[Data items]
++++++++++
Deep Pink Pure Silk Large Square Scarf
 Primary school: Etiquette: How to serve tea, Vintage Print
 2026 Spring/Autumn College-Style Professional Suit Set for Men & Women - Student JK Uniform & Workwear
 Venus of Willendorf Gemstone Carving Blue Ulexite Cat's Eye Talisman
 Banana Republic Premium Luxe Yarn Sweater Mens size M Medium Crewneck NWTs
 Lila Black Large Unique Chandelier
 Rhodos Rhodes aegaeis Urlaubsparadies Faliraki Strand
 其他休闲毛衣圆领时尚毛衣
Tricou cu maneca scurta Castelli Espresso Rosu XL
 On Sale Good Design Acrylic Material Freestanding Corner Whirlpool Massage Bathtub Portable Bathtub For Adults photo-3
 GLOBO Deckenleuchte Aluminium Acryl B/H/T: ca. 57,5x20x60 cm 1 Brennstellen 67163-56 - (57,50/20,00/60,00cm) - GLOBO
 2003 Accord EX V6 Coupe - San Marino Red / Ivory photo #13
++++++++++
• [Assigned task]: Give the count of lines in the data that contain the word "photo", and write nothing besides it.

• [Written response]: 2